WHAT THE TASK REQUIRES ->
Your reply should set down word for word each line below from the one with "Bolid F1 Oracle Red Bull Racing RB20" through the final line, both included, but none of the pictures.

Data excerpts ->
Start of Block

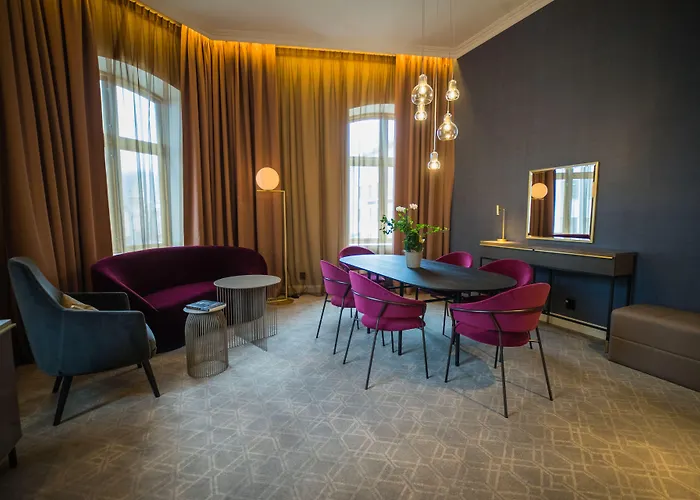 Opus 16, A Member Of Small Luxury 베르겐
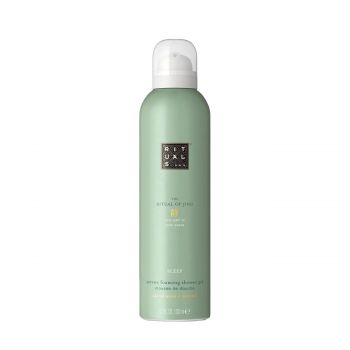 The ritual of jing sleep foaming shower gel 200 ml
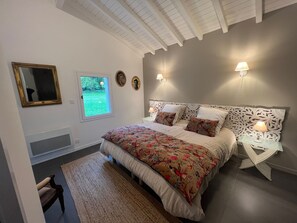 5 Schlafzimmer, Bügeleisen/Bügelbrett, Reisekinderbett, kostenloses WLAN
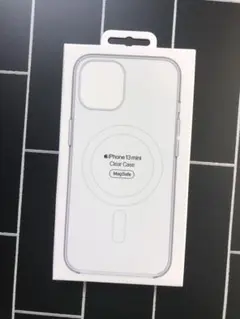 iPhone 13 mini クリアケース 純正未開封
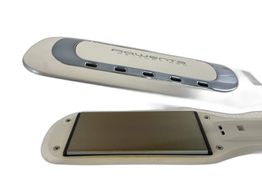 ferro cabelo rowenta wet & dry pro ionic 230&deg;c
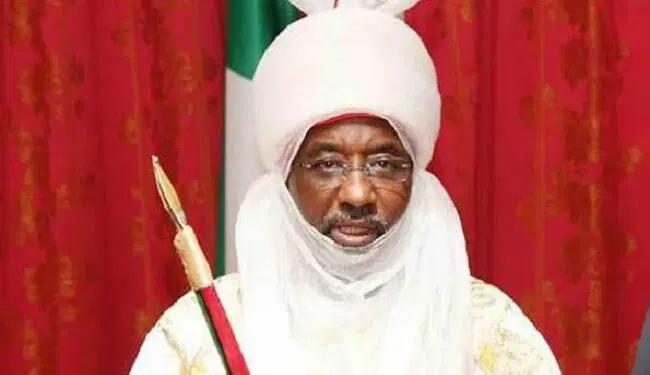 Emir Sanusi Warns About Nigeria’s Economy, Urges Labour Unions to Step Up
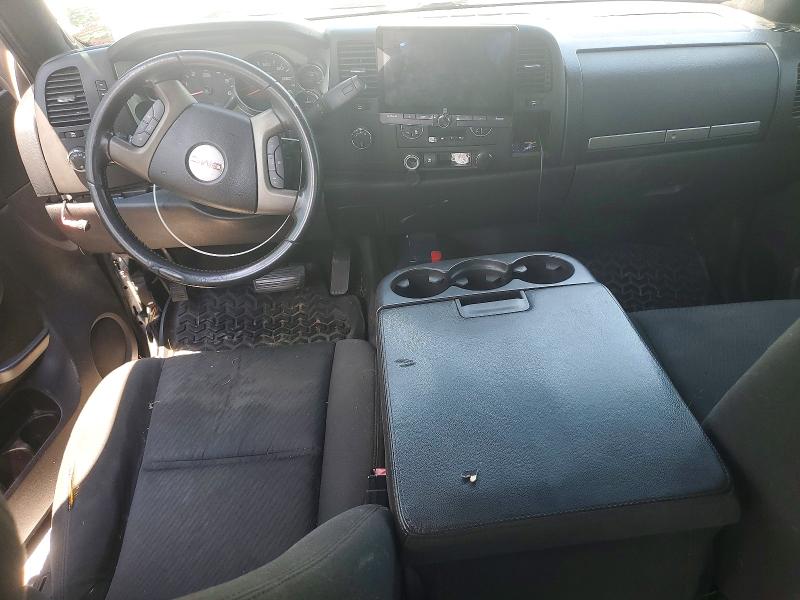 63658356 :رقم المزاد ، 3GTP2VE33BG264580 vin ، 2011 Gmc Sierra مزاد بيع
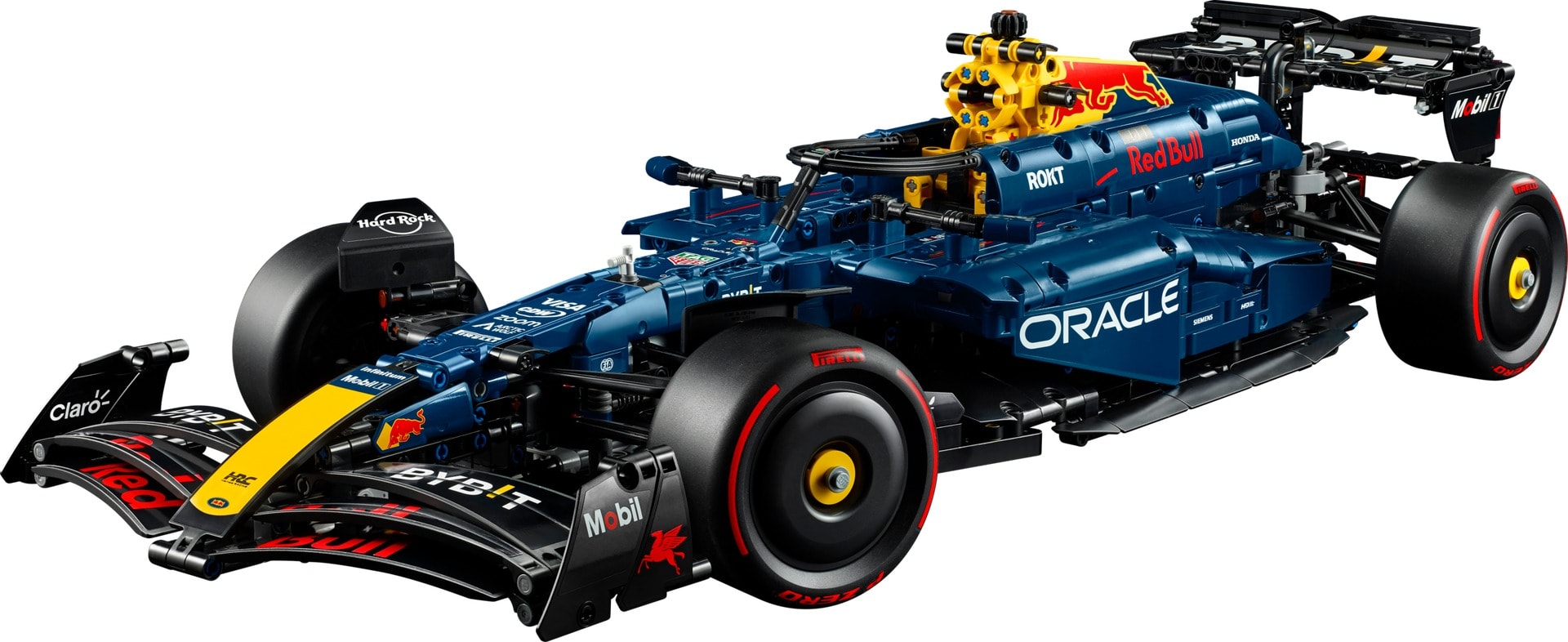 Bolid F1 Oracle Red Bull Racing RB20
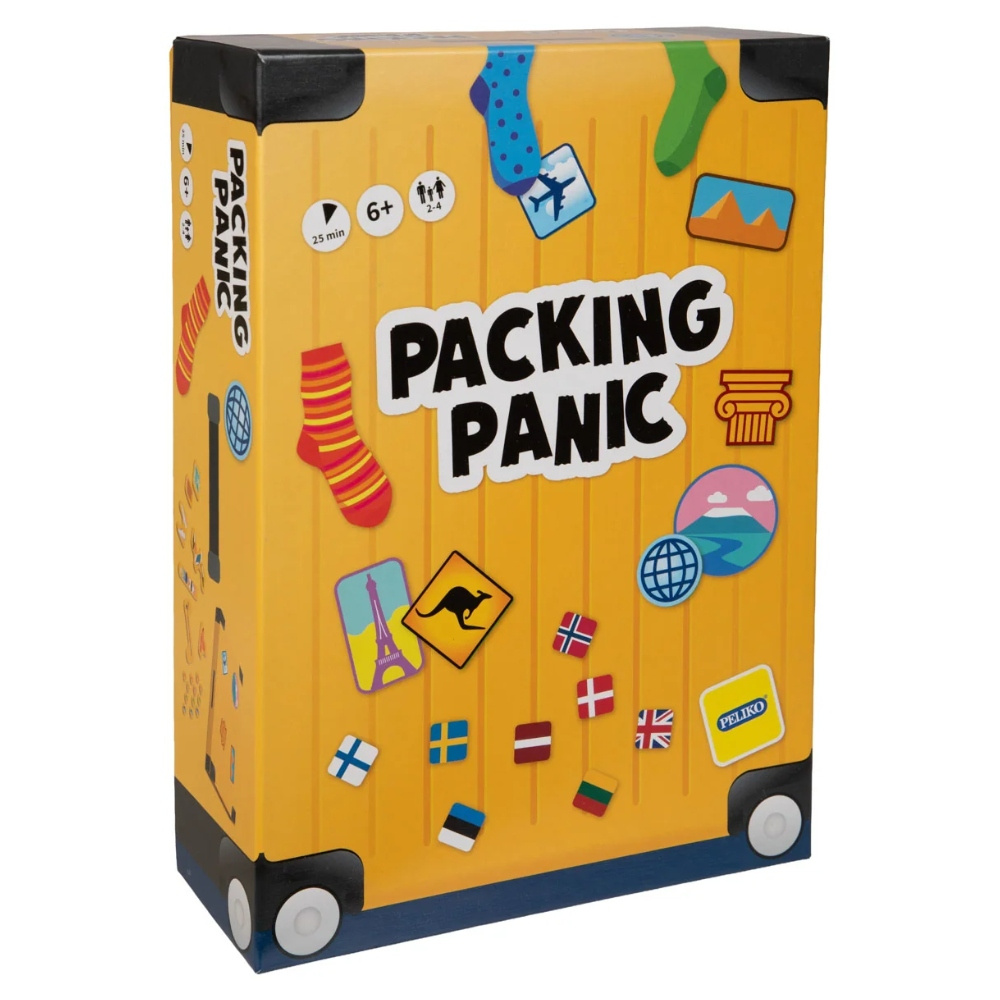 Packing Panic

End of Block

ANSWER ->
 Bolid F1 Oracle Red Bull Racing RB20
 Packing Panic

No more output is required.